=== EXERCISE ===
Using the data below, reproduce exactly the lines from the line with "Purebaby Quilted Growsuit" to the line with "925 Sterling Silver", both included; pictures must be dropped.

EXERCISE MATERIALS Start Marker

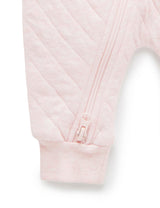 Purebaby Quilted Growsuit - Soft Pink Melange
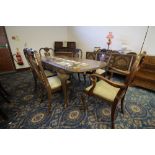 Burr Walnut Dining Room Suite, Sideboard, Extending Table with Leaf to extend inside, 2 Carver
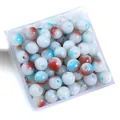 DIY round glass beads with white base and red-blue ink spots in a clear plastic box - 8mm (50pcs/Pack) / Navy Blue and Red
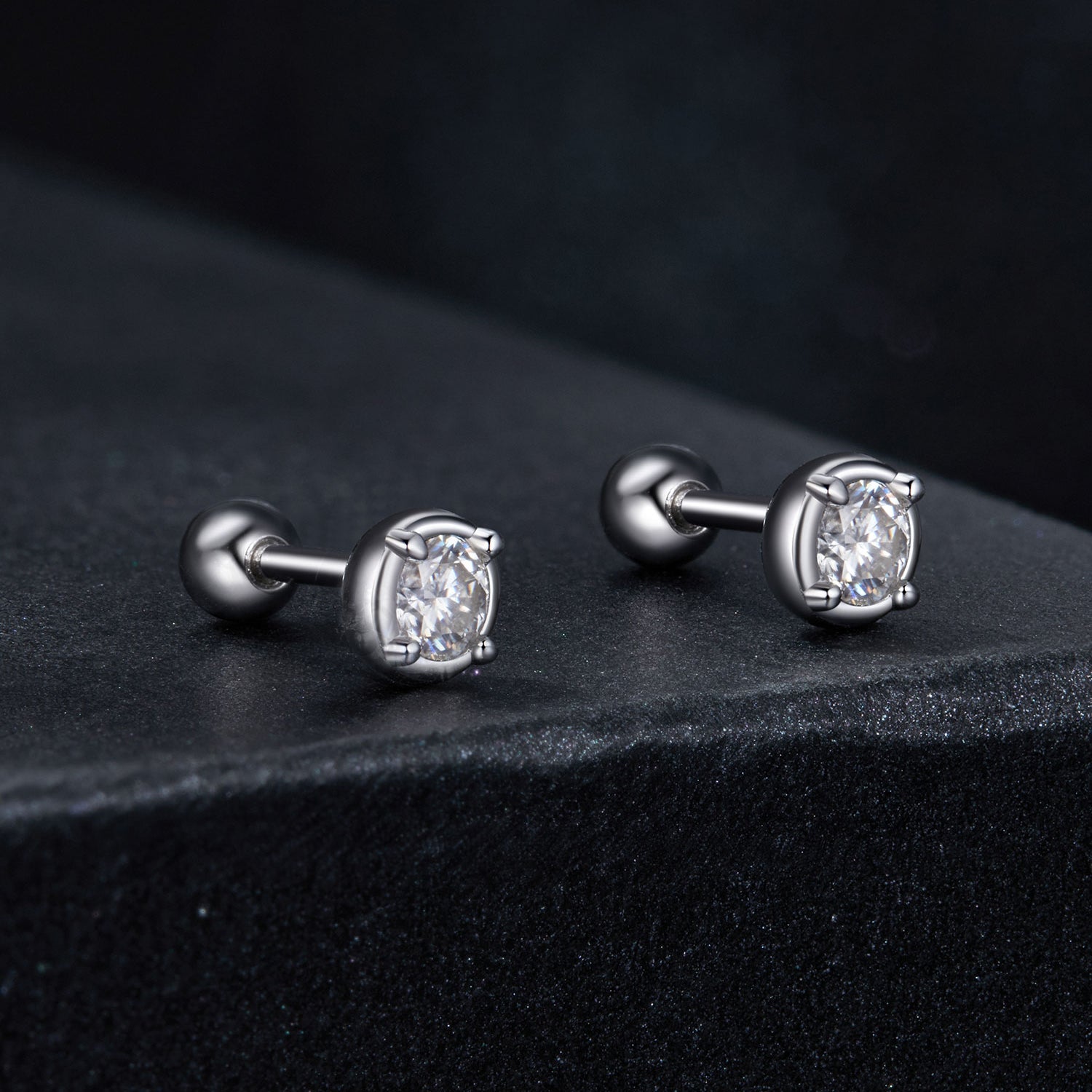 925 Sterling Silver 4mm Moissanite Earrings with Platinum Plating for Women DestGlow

EXERCISE MATERIALS End Marker
EXERCISE MATERIALS Start Marker

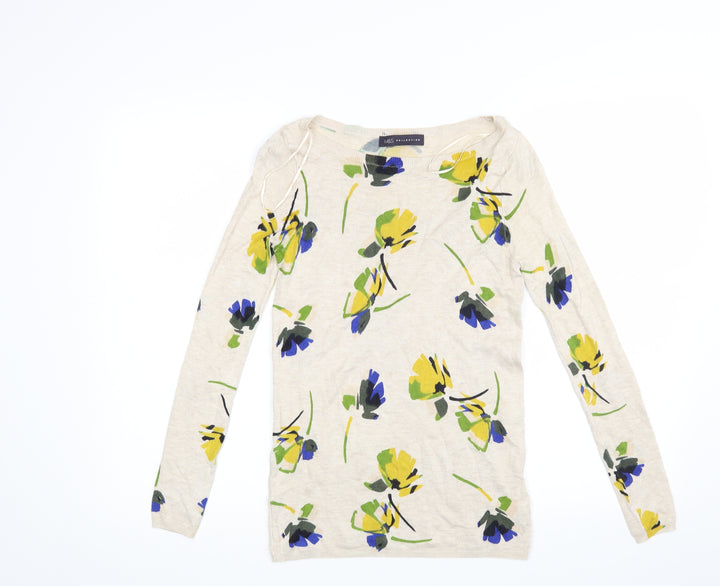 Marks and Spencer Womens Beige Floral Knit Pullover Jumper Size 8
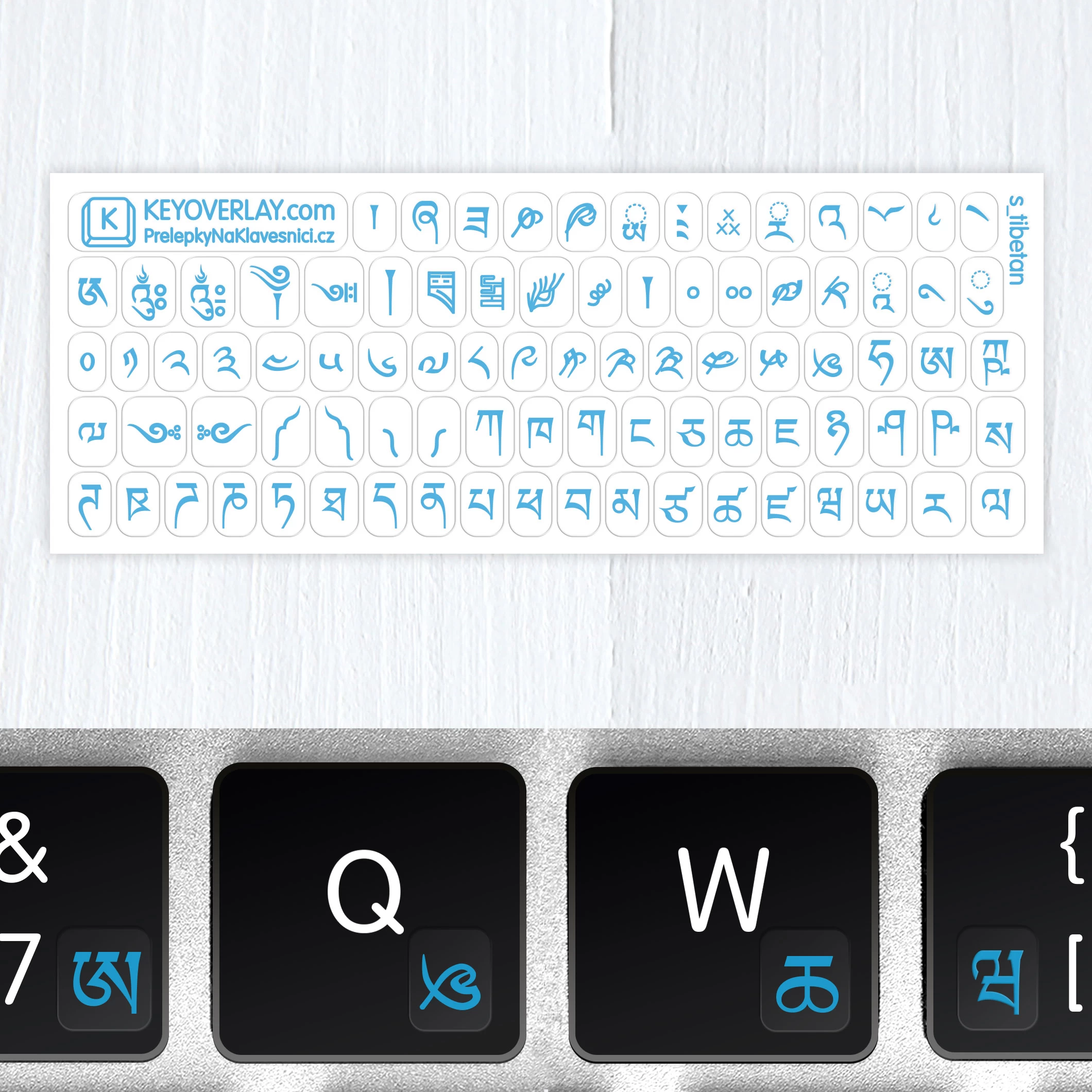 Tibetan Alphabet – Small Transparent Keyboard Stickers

EXERCISE MATERIALS End Marker

=== SOLUTION TO THE PROBLEM ===
 Purebaby Quilted Growsuit - Soft Pink Melange
 Burr Walnut Dining Room Suite, Sideboard, Extending Table with Leaf to extend inside, 2 Carver
 DIY round glass beads with white base and red-blue ink spots in a clear plastic box - 8mm (50pcs/Pack) / Navy Blue and Red
 925 Sterling Silver 4mm Moissanite Earrings with Platinum Plating for Women DestGlow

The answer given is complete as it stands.